6 replies to this topic

[phil1208]

Hi everyone,

Im trying to make a news system for the company i work for which is proving to be simple enough, except for one little bit where im now stuck.

I have a user login system for the news script which allows a user to add a news article once they've logged in. I've managed this using the IF statement (example coming shortly)

Now, what i want to do is restrict what a user can do, this is because i want to have an administrator section where myself or someone within the company can review and authorise an article before it is displayed on the website itself.

I've decided to opt for defining user levels by numbers (1 - 5) 1 being a normal user and 5 being an admin.

at current the navigation within the side of the website is echoed like this;

<?php if (empty($email)) {?><a href="/index.php">Home</a>
   
	   <a href="/viewall.php">View Article</a>
   
		 <a href="/searcharticle.php">Search Article</a>
 
   <?php } else {?><a href="/index.php">Home</a>
   
	   <a href="/viewall.php">View Article</a>
   
		 <a href="/searcharticle.php">Search Article</a>
   <a href="/add.php">Add Article</a>
   
		 <?php } ?>

My original plan was to use a recordset to pull back the users 'user level' after they had logged into the website, however. Im templating the design we're using for ease of making the pages which means anything i put in a recordset at the top of the page, wouldnt nessecarily be output to the pages i create from the said template. I thought about adding the recordset in the body of the template but as far as i know the recordset needs to be above the HTML at the top of the document.


This is where the problem is, because if i put the recordset anywhere else it buggers my template.

I considered doing this using an include file, but im not sure as to whether this would be suitable. Or how i would go about doing this exactly.

As far as i can tell the only thing thats posing a problem is the fact im templating it using the dreamweaver template. but then again, i think its safe to say i just dont know anymore

Does anybody have any ideas on what i should/could do? or does anyone understand what im trying to do? because im beginning to think that i dont understand it myself .

Thank you to anyone who thinks they know what im on about, and anyone who might be able to help or at least point me in the right direction.

[Tyson D]

Hey there Phil,

I actually was just coding a news-posting system a few weeks ago and was working on a similar feature to yours. I found success in creating a little php include file that contained the user's information as retrieved from the database.

So if you make a new php file you can call it user.php or thisuser.php or whatever you'd like, have it query the database using the credentials either from a session or from $_POST and populate some variables like $username, $emailaddress, $userlevel from the query results.

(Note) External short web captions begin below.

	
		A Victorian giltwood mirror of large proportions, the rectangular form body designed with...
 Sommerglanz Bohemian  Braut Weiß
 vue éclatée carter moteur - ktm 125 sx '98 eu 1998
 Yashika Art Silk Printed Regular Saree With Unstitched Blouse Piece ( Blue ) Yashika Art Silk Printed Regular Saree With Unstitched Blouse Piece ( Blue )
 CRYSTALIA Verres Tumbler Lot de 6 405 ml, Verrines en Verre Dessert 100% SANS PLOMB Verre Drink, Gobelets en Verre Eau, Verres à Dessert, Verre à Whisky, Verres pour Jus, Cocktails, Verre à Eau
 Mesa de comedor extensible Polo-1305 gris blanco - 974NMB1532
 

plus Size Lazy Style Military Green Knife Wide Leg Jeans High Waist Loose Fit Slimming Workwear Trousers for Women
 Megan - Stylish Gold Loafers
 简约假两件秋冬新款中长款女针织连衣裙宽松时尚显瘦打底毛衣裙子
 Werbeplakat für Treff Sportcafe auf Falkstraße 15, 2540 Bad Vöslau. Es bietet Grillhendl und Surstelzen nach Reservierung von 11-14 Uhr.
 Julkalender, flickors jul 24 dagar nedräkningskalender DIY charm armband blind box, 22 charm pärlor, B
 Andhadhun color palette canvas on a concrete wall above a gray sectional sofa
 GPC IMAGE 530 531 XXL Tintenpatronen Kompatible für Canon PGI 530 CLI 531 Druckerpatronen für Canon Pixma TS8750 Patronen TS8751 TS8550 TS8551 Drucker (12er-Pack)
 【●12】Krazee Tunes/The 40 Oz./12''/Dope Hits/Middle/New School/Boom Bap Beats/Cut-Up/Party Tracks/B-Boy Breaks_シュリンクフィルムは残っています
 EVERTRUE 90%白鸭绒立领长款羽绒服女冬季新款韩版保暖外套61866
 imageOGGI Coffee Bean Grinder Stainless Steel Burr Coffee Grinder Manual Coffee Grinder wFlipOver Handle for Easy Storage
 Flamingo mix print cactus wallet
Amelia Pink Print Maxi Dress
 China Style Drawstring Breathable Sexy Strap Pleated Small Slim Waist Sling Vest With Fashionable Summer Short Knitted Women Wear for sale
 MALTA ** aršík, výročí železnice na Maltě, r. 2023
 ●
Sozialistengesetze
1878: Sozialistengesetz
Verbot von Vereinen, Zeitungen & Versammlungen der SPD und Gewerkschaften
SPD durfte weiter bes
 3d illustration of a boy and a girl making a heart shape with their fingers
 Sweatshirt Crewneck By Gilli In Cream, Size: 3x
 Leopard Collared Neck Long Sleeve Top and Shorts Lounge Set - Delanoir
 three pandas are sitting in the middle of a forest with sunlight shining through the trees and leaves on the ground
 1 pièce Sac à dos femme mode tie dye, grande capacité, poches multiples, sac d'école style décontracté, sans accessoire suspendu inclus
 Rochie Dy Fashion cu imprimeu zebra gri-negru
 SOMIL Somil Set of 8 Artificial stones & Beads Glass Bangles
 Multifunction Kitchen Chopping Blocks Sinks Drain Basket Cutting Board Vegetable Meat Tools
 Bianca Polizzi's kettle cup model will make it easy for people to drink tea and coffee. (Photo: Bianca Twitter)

Then on the pages that require access to these user details you just include the file (it can even be right above your if statement) and if you have 5 levels you could either have all your general links at the top like this:

<?php 
include 'user.php';
?>
<a href="/index.php">Home</a>
<a href="/viewall.php">View Article</a>
<a href="/searcharticle.php">Search Article</a>
 
<?php
if ($userlevel > 1) {
echo "<a href=\"/add.php\">Add Article</a>";
}

if ($userlevel == 5) {
echo "<a href=\"/managearticles.php\">Manage Articles</a>";
}
?>

This way you don't have to repeat all your links in each case and you can just add if statements around the links you want to only be seen by different user types.

So make sure you're storing a userlevel inside your user table!
Make sure that the links that you want to be hidden (in the above example this would be add.php and managearticles.php) that you are checking on these pages as well that users are authorized to view the pages. This is as simple as doing what we just did above for checking the userlevel to display a link, just include the user.php file, put all your page in an if ($userlevel > 1) or whatever the restriction is and then have an else block that has an access denied or equivalent type of message!

If you have any more questions about this just post 'em and hopefully I can help!

Cheers!

[phil1208]

Thanks TysonD,

Il give this a try now, and see how it goes. If this works you might have just stopped me going mental

If theres anything else i post in here.

Thanks again TysonD

[Tyson D]

No problem, keep me posted on how it's going!

[phil1208]

Completely destroyed my template something about editable regions and code. fixed it now though. gonna have another crack at it

[Tyson D]

Hey Phil,
Did you manage to get your code working?

[phil1208]

Not as of yet, I've been too busy tweaking the new phone system we just got put in and testing that out.

Im starting to develope a nervous twitch whenever 'soft phones' are mentioned.